#### DATASET SECTION:

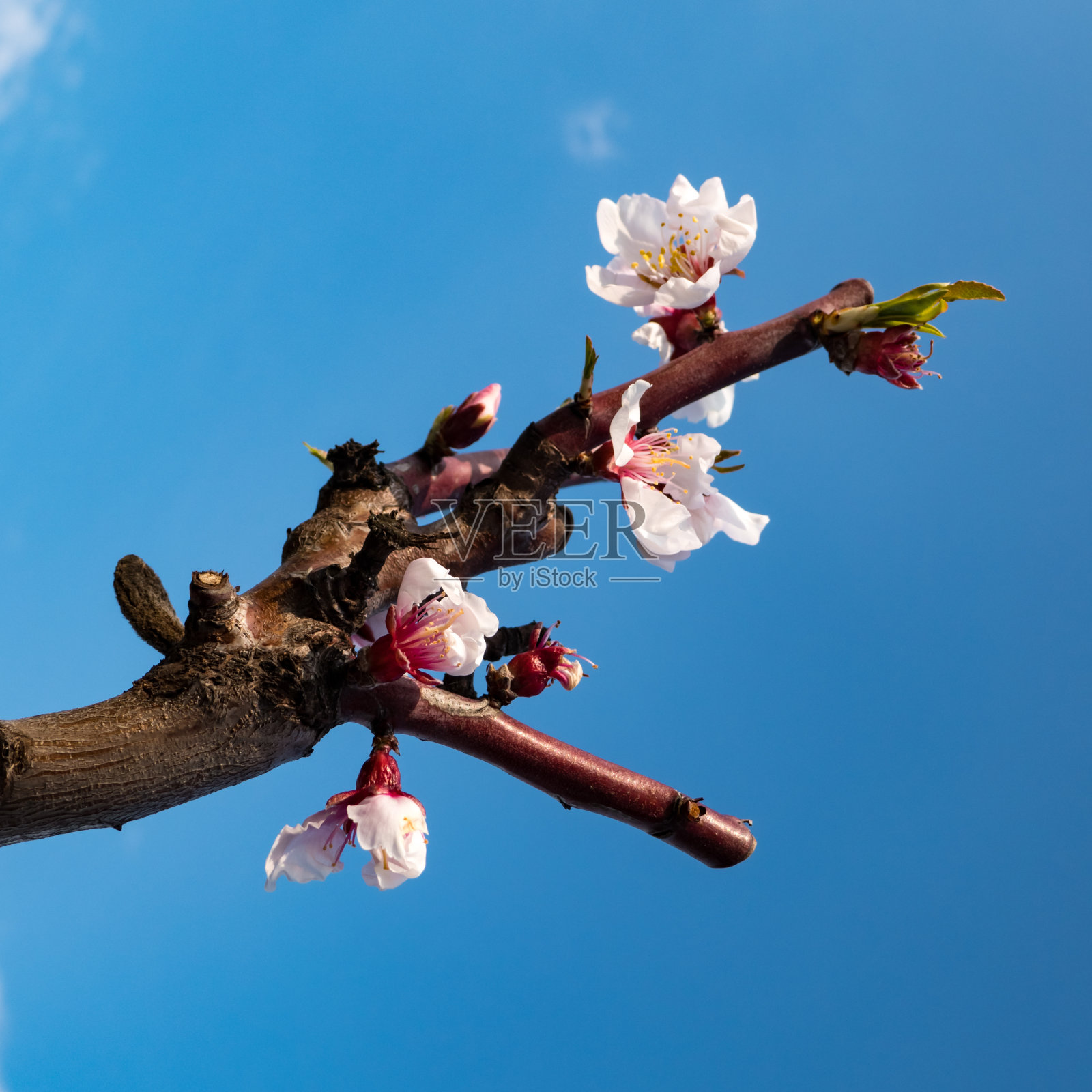 杏花照片摄影图片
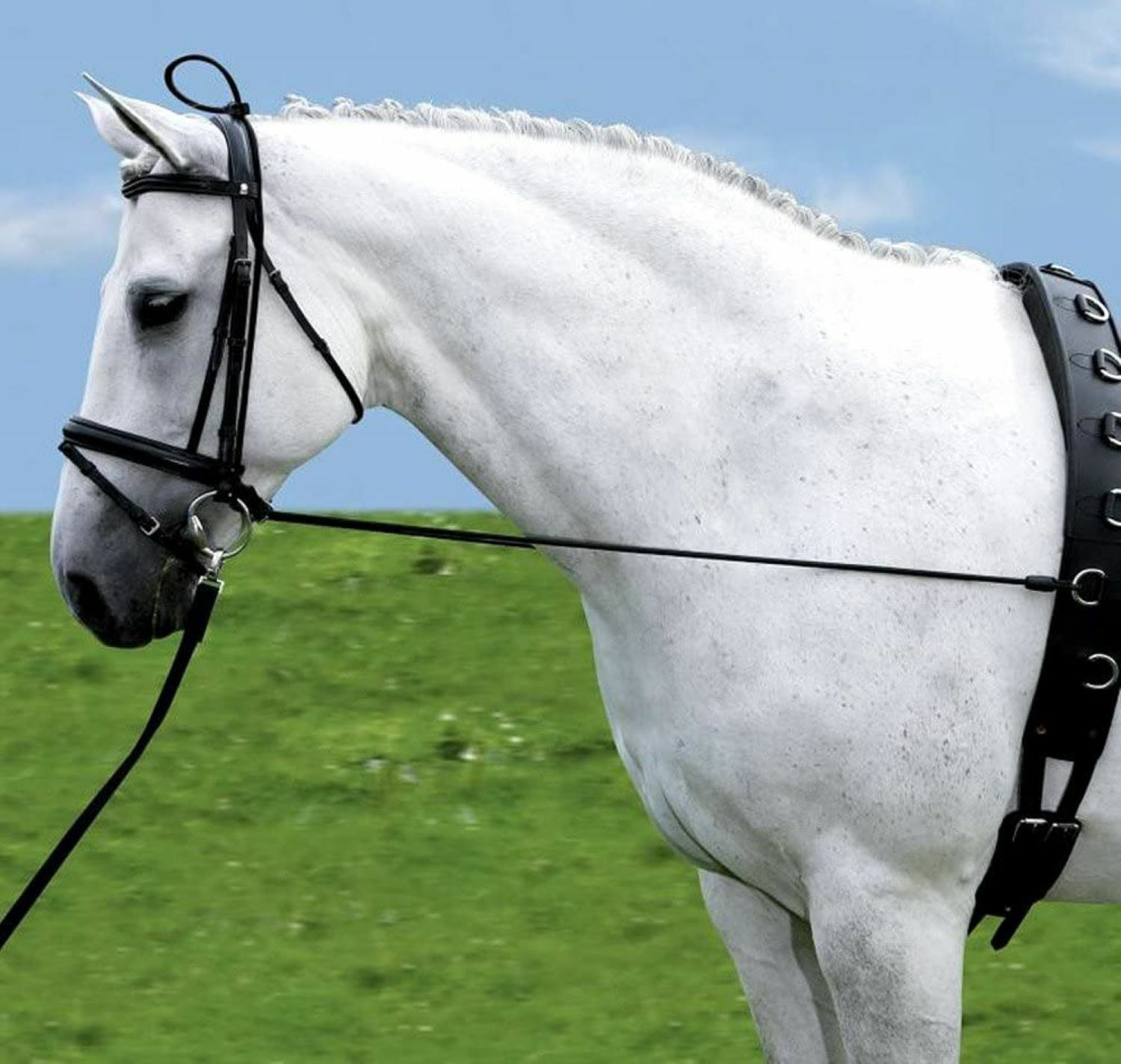 Fully Elasticated Training Rein / Bungee Horse / Pony Essential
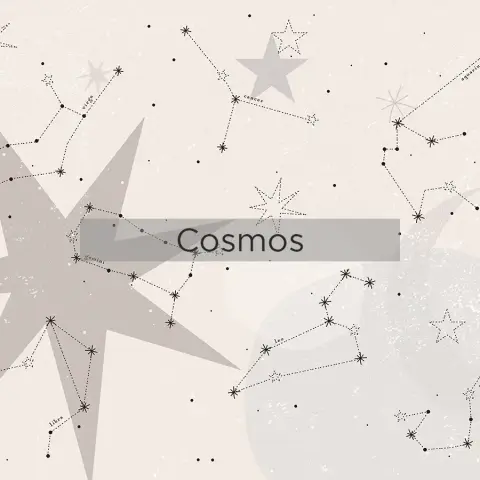 Cosmos Estampado 2025
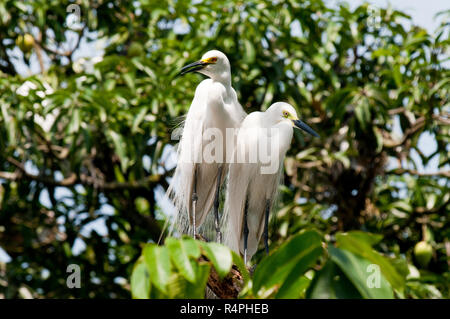 Intermediate Egret locally known as Maijla Bok. Moulvibazar, Bangladesh. Stock Photo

#### REQUIRED ACTION:
Beginning with the line containing "Fully Elasticated Training" and ending with the last line of the listing above, output those lines exactly as written, without pictures.

#### OUTPUT:
 Fully Elasticated Training Rein / Bungee Horse / Pony Essential
 Cosmos Estampado 2025
 Intermediate Egret locally known as Maijla Bok. Moulvibazar, Bangladesh. Stock Photo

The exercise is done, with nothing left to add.